If you were to run the length of the Rodman trail, you would run less than a mile.
This isn’t an easy trail to run on. It just takes you from the middle part of the Davis Trail to the northern side of the falls. It’s really cool and is probably the easiest way to access the falls, but there are stone steps. It’s just not a good place to run
The train tracks, spanning from the Mill apartments to the University of Scranton tennis courts offer a secluded and somewhat-level run. However, you have to cross a precarious bridge and pass through the long train tunnel. I’ve walked this route a few times, but I don’t think I’ve ever run it in its entirety. Coming from the Mill, before you reach the tunnel, there is a path you can take to the right that brings you to the Rodman Trail and Kanjorski bridge.
There are a few unmarked trails in the park but none of them are particularly worthwhile to run on. There is one which takes you to the old bear’s den. It can be entered from the bottom of the large parking lot by the Davis Trail sign. It can also be entered from the other large parking lot closest to the treehouse, and from another entrance by the smaller corner parking lot close to the helipad.

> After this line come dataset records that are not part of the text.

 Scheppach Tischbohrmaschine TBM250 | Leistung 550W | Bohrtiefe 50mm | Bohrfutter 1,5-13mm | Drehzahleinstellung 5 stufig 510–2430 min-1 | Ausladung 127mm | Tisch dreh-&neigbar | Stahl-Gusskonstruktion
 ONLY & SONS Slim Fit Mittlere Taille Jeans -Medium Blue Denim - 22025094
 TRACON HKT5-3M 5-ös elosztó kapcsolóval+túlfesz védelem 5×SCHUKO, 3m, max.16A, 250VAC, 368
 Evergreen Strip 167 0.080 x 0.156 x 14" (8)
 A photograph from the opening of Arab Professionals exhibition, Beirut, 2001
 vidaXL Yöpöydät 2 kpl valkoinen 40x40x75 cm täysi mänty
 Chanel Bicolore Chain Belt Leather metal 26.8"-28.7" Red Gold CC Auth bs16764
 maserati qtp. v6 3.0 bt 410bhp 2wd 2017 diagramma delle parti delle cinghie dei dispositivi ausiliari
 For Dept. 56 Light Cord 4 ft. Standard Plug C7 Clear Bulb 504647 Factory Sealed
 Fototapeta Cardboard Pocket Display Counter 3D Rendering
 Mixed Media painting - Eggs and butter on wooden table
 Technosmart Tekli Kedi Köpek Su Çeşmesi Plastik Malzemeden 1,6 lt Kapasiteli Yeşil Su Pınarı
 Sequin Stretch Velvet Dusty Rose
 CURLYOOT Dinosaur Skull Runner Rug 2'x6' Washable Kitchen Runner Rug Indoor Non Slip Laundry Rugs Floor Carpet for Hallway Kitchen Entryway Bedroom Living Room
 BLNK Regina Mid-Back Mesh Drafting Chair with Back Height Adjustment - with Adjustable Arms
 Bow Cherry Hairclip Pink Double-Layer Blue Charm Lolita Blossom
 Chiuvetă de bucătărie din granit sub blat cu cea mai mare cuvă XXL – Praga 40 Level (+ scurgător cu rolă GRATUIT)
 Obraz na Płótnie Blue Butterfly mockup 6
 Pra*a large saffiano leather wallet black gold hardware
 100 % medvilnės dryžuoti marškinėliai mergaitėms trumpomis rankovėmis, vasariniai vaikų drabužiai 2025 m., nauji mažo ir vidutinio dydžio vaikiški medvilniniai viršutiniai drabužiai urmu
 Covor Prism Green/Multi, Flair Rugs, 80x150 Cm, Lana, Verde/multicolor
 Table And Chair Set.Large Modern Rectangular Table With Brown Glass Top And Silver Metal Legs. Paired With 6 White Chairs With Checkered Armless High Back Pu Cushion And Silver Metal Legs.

There is another short dirt trail right above the old zoo. There’s something resembling a parking lot at the start of it, and it eventually meets other paved paths.
There are a few branches of an unnamed dirt trail that can be reached if you run straight across the Rodman Trail from the Davis Trail. They bring you beneath the Tree House after about 300m and can be used to access the cliff known as Suicide.
Other Places to Run
Just because the park doesn’t have great running trails doesn’t mean it isn’t a fun place to run or bike. There are several great loops in the park of various elevation and minimal traffic. Historically, it’s been a popular place for 5k races.